Priorities Can Kill: When Passing the Buck Gets Dangerous

Nursing is 24/7, right? So what if you don’t get to a task before the shift is over? Is it really necessary to push a doctor towards action (and thus annoy them to the bone)? It’s not like anyone suffered from lack of action… Or maybe you’re wrong. Nurses General Nursing Article

I couldn't breathe. My chest was aching with a fierceness that made me want to pass out. There was a pounding echoing in my ears so loud that I could hear my heart coupled with irregular breathing. Where did I screw up?! Inside my head I could hear my own voice screaming. What did I do?! I wanted to be sick. WHAT HAPPENED?!

The morning rushed before my eyes in a blur. The checklist started: Report was normal, I had read his labs, the initial assessment was benign-- why would things change so drastically and so fast?! I then remembered a nursing school professor tell me once that the smaller the patient, the faster you run. Unfortunately, this patient was a full-grown adult male and in a matter of 15 minutes he went from talking to me about what he wanted for lunch to unresponsive and gasping for air. What did I miss?!

I did the only thing I could think of... Call the rapid response team, STAT page the doctor and then pray that my patient could hold on long enough for another brain and set of skills to arrive on the scene.

My hands shook as I spiked a bag of saline to bolus a blood pressure that was steadily and rapidly circling the drain. His mean arterial pressure reading should have rang, whistled and had its own blinking emergency lights. When I looked up from our vitals machine the CNA was staring at me completely horrified. She began to edge closer to the code blue button. "Stop!" I forced out. "He has a pulse and he's breathing. Not yet." My words sounded foreign. Not yet?

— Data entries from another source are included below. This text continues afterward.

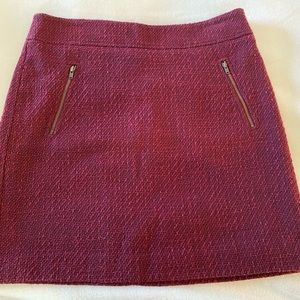 Loft burgundy woven skirt - size 8
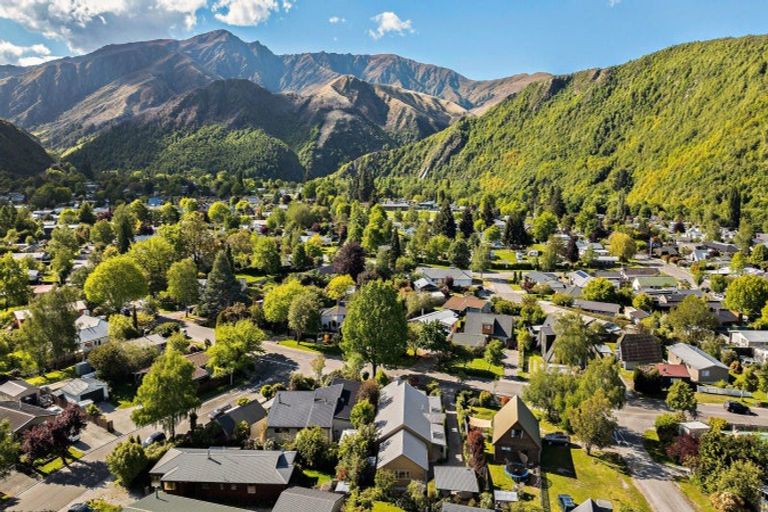 Photo of property in 62 Adamson Drive, Arrowtown, 9302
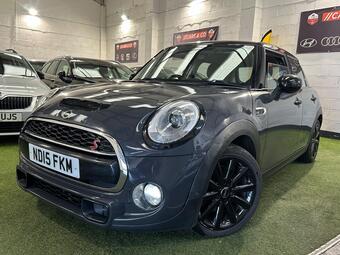 2015 MINI Hatch 2.0 Cooper S Euro 6 (s/s) 5dr 21 Photos photo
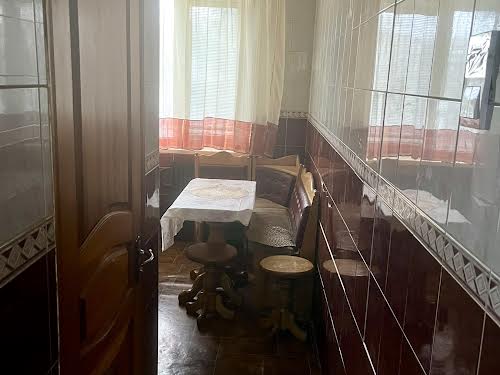 квартира за адресою Гвардійців-Широнінців вул., 73д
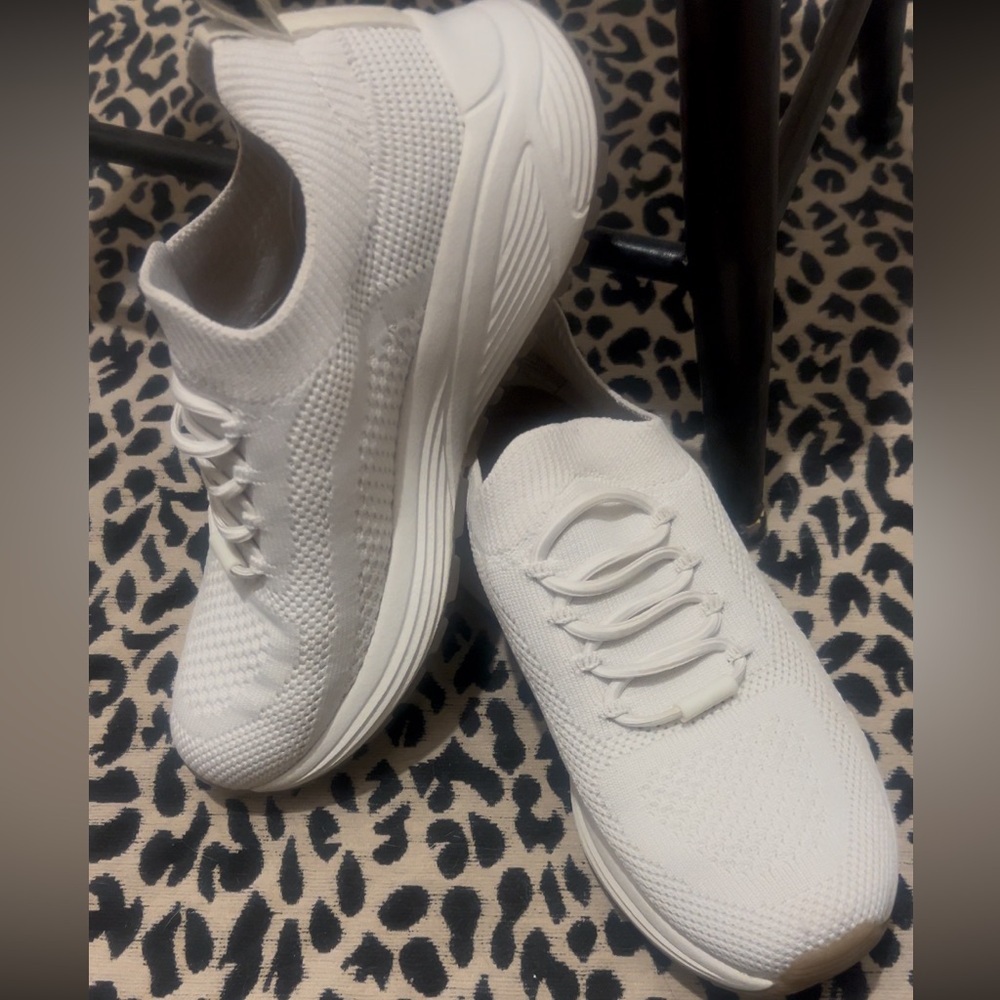 Women's Sketchers sneakers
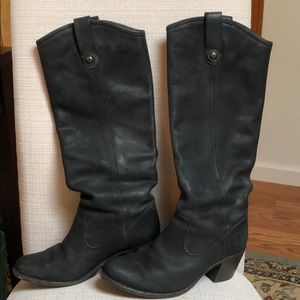 Fry black nubuck leather boots with small heel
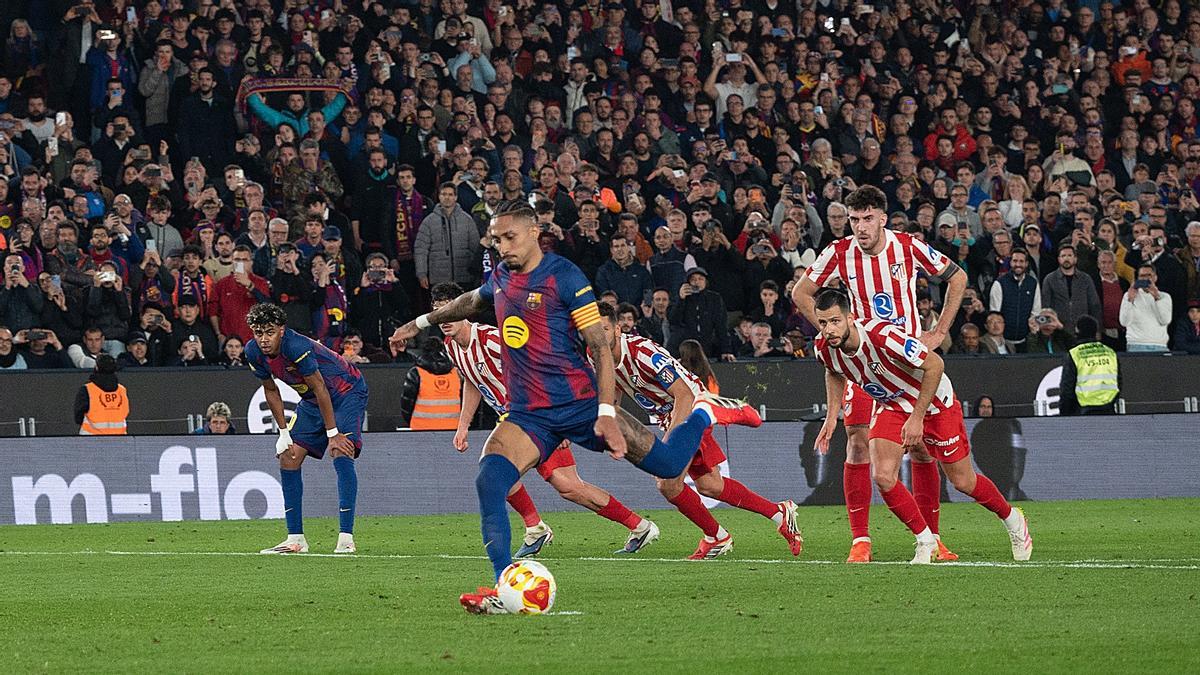 Raphinha transforma el penalti del 2 0.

Standing in the doorway I quickly read through his labs again. Everything was in the red but not critically red.

Then I saw it.

The big ugly culprit.

"Oh no. No, no, no, no."

His bicarbonate level leaped from the screen, almost lost among the metabolic panel electrolytes that are often reported with an oddly brainless faithfulness... The level was TWO days old. Each previous reading had literally been flirting with metabolic acidosis. And yet, there was no critical flag attached, no page to the doctor charted, no addressing of the situation what-so-ever (not even brought up in report or noted that it has been called to the nurse from the appropriate lab source). This critical value had slipped through the hands of doctors, nurses, and the laboratory team before now.

I looked over and watched the accessory breathing on my patient's chest. If I didn't do something now this man will be leaving this World today and at any minute. Responsibility crashed down with a vengeance as my mind rushed into the hyper-speed fueled by fight or flight. It really was life or death now.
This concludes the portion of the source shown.